CTIA and the wireless industry vehemently oppose prisoners having access to contraband phones, but we support legal – and proven – technologies such as cell detection and managed access.
- The Use of Signal Jamming Equipment Can – and Has – Caused Harmful Interference to Wireless Service for Public Safety First Responders, Wireless Carriers & Customers. The use of illegal devices – specifically wireless jammers – should remain contraband since we have seen numerous examples of interference around the world and in the U.S. In Brazil, a jamming device in a prison knocked out wireless service to 200,000 nearby residents. In India, a jammer at a prison disrupted service to people living within a five kilometer radius. In May 2010 in downtown Philadelphia, Pennsylvania, a single jamming device in a residential apartment caused major disruptions for the Coast Guard, the FCC, the National Communications System and commercial wireless providers. Effects from this single jammer extended more than a mile from the apartment and disrupted signals throughout the area. These included problems with GPS equipment and navigation aids (including those used by the Coast Guard and potentially the FAA) and timing synchronization based on GPS at wireless base stations were disrupted. Numerous CMRS base station sites were unable to make voice and data communications work, which meant excessive blocked and dropped calls. Wireless providers and first responders that were relying on GPS for 911 calls’ location information were adversely affected. While the FCC was able to confiscate the jammer, this incident highlights an issue of critical importance to both the wireless industry and the federal government: the use of wireless jammers and the devastating impact on commercial and public safety wireless services cannot and should not be tolerated. As American consumers and public safety officials increasingly rely on wireless communications, the ability of wireless networks to operate without harmful interference becomes even more vital. Wireless jammers represent a major threat to wireless networks and everyone else who relies on wireless communications.
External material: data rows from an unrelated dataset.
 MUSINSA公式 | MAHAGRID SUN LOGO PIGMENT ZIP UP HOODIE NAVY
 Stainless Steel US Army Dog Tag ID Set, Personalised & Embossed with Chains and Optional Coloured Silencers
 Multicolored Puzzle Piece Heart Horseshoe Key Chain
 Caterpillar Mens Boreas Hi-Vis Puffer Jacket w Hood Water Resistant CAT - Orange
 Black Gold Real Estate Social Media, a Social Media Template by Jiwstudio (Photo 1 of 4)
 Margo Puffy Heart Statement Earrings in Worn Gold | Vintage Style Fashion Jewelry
- Lawful Cellphone Detection Systems, Managed Access and Other Technologies are Superior Solutions to Signal Jamming Equipment. Like a scalpel, lawful cell phone detection technologies provide prison officials and law enforcement the opportunity to identify the location of a contraband cell phone, track its use, retrieve the device and prosecute those in possession. Cell phone detection technology also can be used to identify how – and by whom – these contraband devices are being smuggled into facilities. In addition, managed access systems allow corrections officials to prevent inmates from accessing carrier networks without impacting service for legitimate wireless users. Detection devices and managed access solutions don't block legal wireless subscribers or public safety officials from using their devices. Such technologies are cost-effective alternatives to jamming that can be – and are being – deployed today.
- Improved Deterrence is Key to Stopping the Supply of Contraband Wireless Devices. Increasing the penalties against those smuggling wireless devices for a profit is an important step to help halt the supply of contraband mobile devices. State laws should make it absolutely clear that providing a wireless phone to an inmate, or the possession of a phone by an inmate, is an offense that will be dealt with severe punishment and hefty penalties.